As time goes on, it may be deemed advisable to augment these
rules to make them "more complete", but in any event they will
continue to be based principally on the relational model. This
model is not expected to change in any radical way. It has been
very stable for the last ten years at least. Minor additions
are expected every five years at the beginning and midpoint of
each decade. For an example of such an addition, see the
references [EFC1,2] cited in connection with Rule 3: it contains
a candidate extension re missing information, one that will be
included by 1990, if there are no insuperable technical or
semantic problems uncovered.
Now for the 12 rules based on Rule Zero.
Rl The Information Rule
Rule 1: ALL INFORMATION in a relational database is
represented explicitly at the logical level and in
exactly one way -- by values in R-tables.

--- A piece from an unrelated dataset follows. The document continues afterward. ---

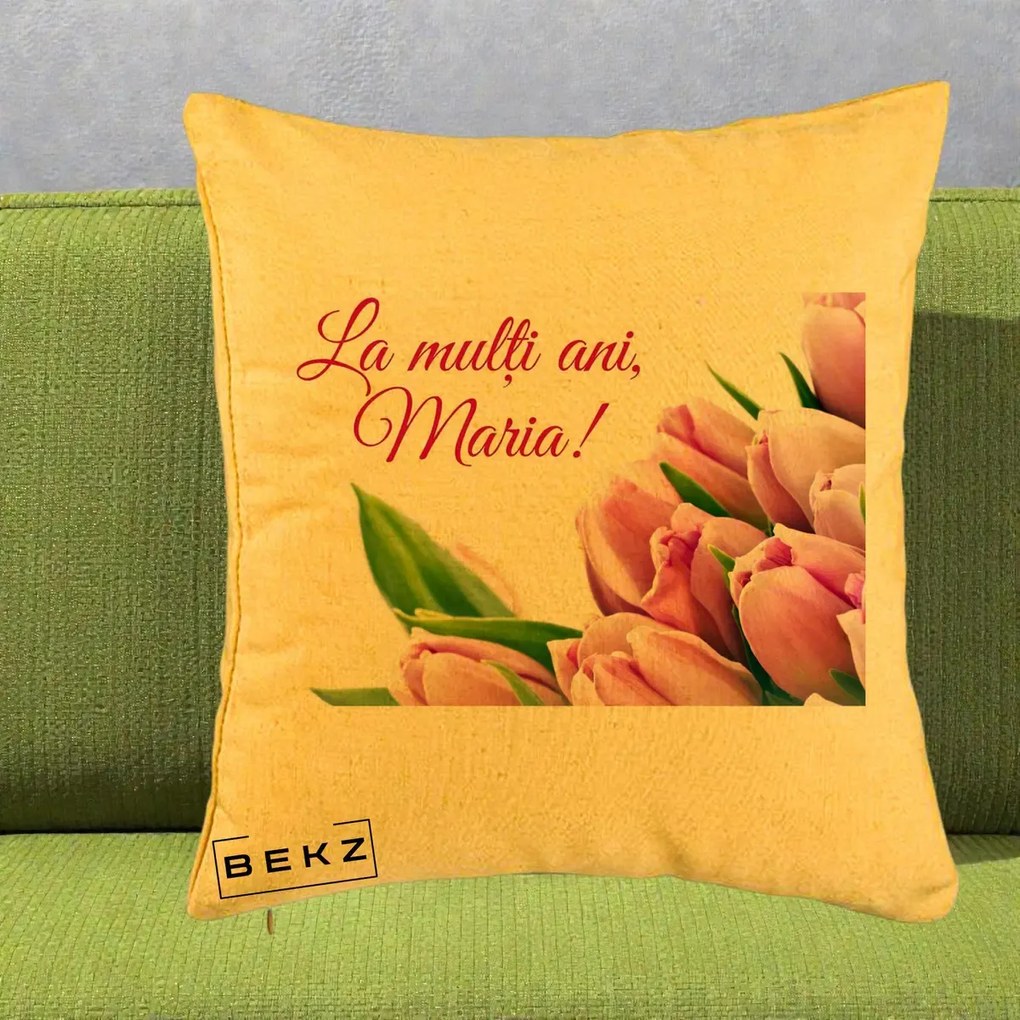 Cadou de Onomastica - Perna Personalizata La Multi Ani Maria Lalele, 40x40 cm, Galben, Husa Detasabila, Perna Inclusa, BEKZ®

Even R-table names, column names, and domain names are represented
as character strings in some R-tables. R-tables containing such
names are normally part of the built-in system catalog. The
catalog is accordingly a relational database itself -- one that
is dynamic and active and represents the meta-data (data
describing the rest of the data in the system).

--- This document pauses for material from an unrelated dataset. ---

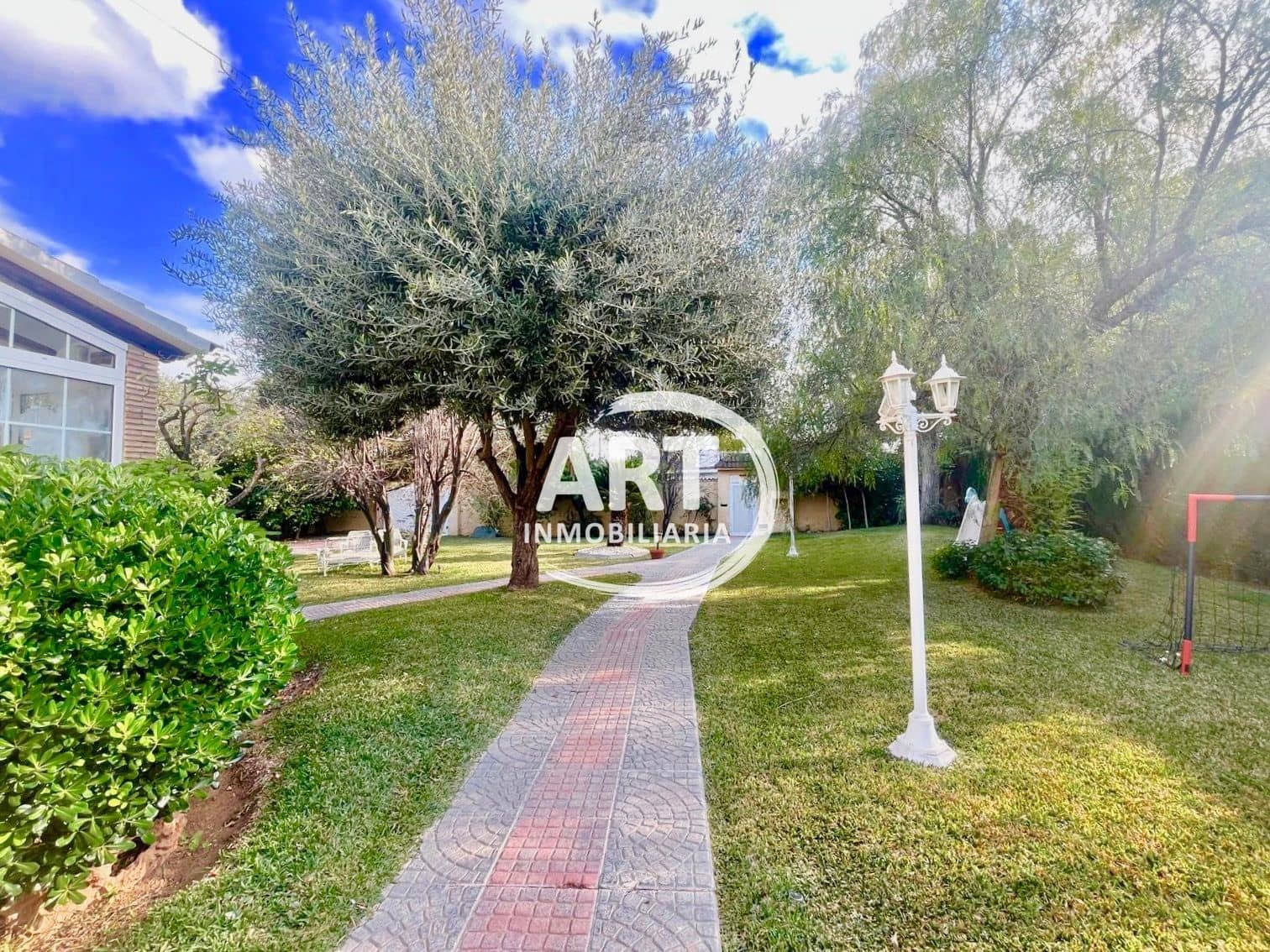 5 bedroom Villa for sale in L'Eliana with pool garage - € 680,000 (Ref: 9337518)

The information rule is enforced not only for user productivity,
but also to make it a reasonably simple job for software vendors
to define additional software packages (like application
development aids, expert systems, etc.) which interface with
relational DBMS and, by definition, are well integrated with the
DBMS -- that is, these packages retrieve information already
existing in the catalog and, as needed, put new information in
the catalog by the very act of using the DBMS.
An additional reason is to make the database administrator's
task of maintaining the database in a state of overall integrity
both simpler and more effective. There is nothing more
embarrassing to a DBA than being asked if his database contains
2
certain specific information, and then replying after a week's
examination of the database that he does not know.
R2 Guaranteed Access Rule
Rule 2: Each and every datum (atomic value) in a relational
database is guaranteed to be logically accessible by
resorting to a combination of R-table name, primary key
value, and column name.
Clearly, each datum in a relational database can be accessed in a
rich variety (possibly thousands) of logically distinct ways.
However, it is important to have at least one way (independent of
the specific relational database) that is guaranteed -- because
most computer-oriented concepts (such as scanning successive
addresses) have been deliberately omitted from the relational
model.
Note that the guaranteed access rule represents an associative
addressing scheme that is unique to the relational model. It
does not depend at all on the usual computer-oriented addressing.
However, the primary key concept is an essential part of it.
Structural feature S8 (see section 3.1) requires each base
relation to have a primary key.
R3 Systematic treatment of missing information
Rule 3: Indicators (distinct from the empty character string or
a string of blank characters, and distinct from zero or
any other number) are supported in fully relational DBMS
for representing at the logical level the fact that
information is missing (applicable and inapplicable
information) in a systematic way -- independent of data
type. Besides the logical representation, the DBMS must
support manipulative functions for these indicators
[EFC1,2] and these must also be independent of the data
type of the missing information.
To support database integrity, it must be possible to specify
"indicators not allowed" for each primary key column and for any
other columns where the DBA considers it an appropriate integrity
constraint (for example, certain foreign key columns).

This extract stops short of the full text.